Begitu pula saat di terminal, saya melihat hanya turis turis asing yang merokok. Awalnya saya mengira mungkin ada aturan yang melarang merokok di tempat umum seperti halnya di Singapore atau Bangkok, sehingga saat saya akan merokok saya bertanya dulu kepada penduduk local, dan mereka memperbolehkan. “Hmmm sebuah kebiasaan yang sehat hehehehe hidup tanpa rokok ..” itu yang ada di benak saya.

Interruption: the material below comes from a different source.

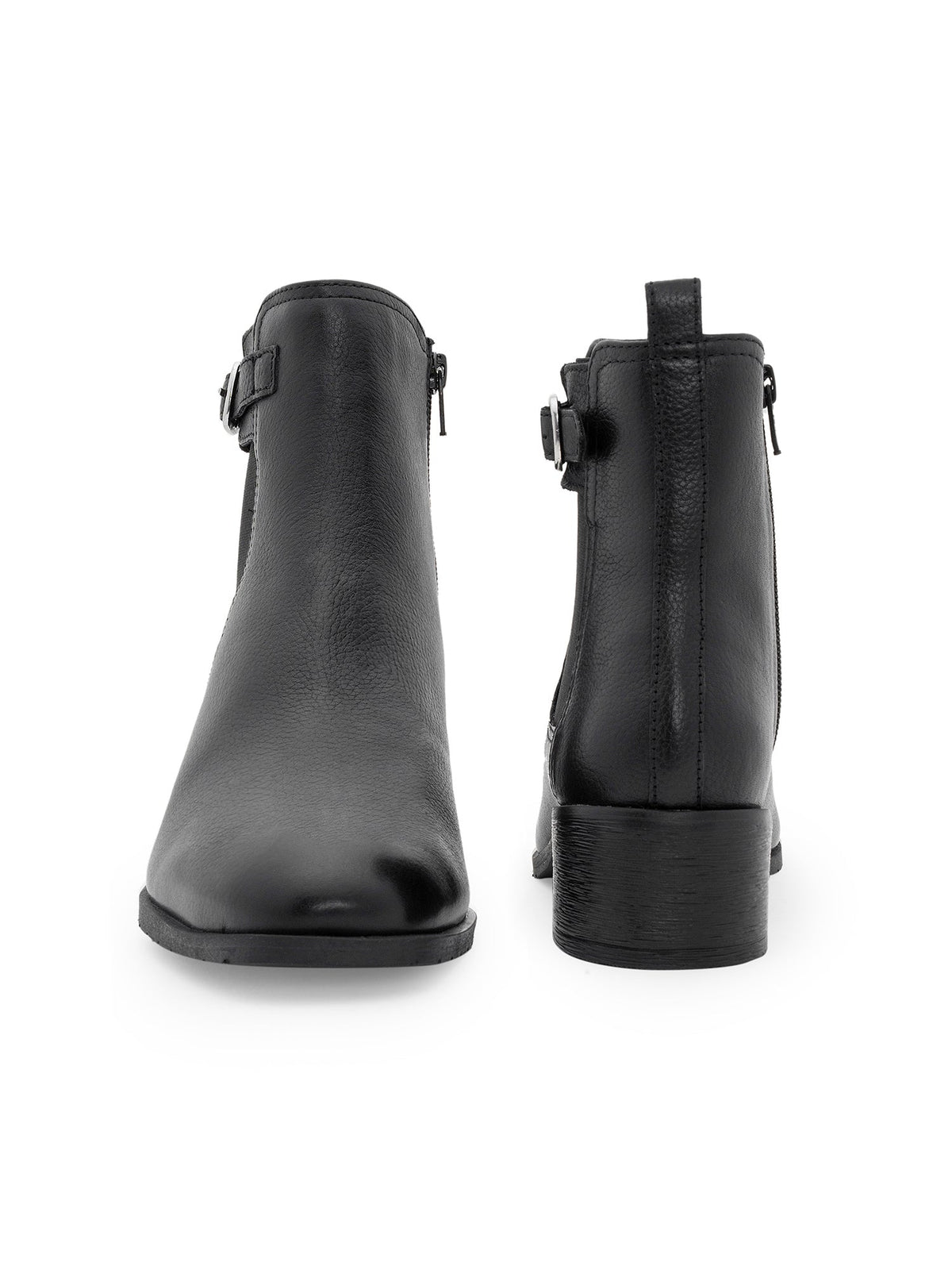 Chelsea Womens Boot with Buckle Detail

Tapi ada satu kebiasaan penduduk kota ini yang kurang “berkenan” bagi saya yaitu meludah sembarangan, awalnya saya mengira hanya beberapa gelintir penduduk saja saat di terminal yang seperti itu, tapi saat di dalam bus menuju Luang Namtha, kondektur bus atau lebih tepatnya kenek bus membagikan kantong kresek yang akhirnya saya tahu kalau itu untuk penumpang yang mabuk darat atau ingin meludah…maka jadilah sepanjang perjalanan kami “dihiasi” dengan sura suara…”hoooek cuh!” (icon wajah ijo).
Dan yang lebih “Keren” lagi, mungkin karena tidak adanya shelter atau rest area sepanjang perjalanan jika penumpang yang ingin buang air kecil, bus akan berhenti di bedeng bedeng pinggir jalan yang saya lihat banyak pembuangan sampahnya lalu para penumpang pun secara masal baik itu pria maupun wanita “beser” di situ…dan tidak lupa setelah itu mereka akhiri dengan “hooeeek cuh!”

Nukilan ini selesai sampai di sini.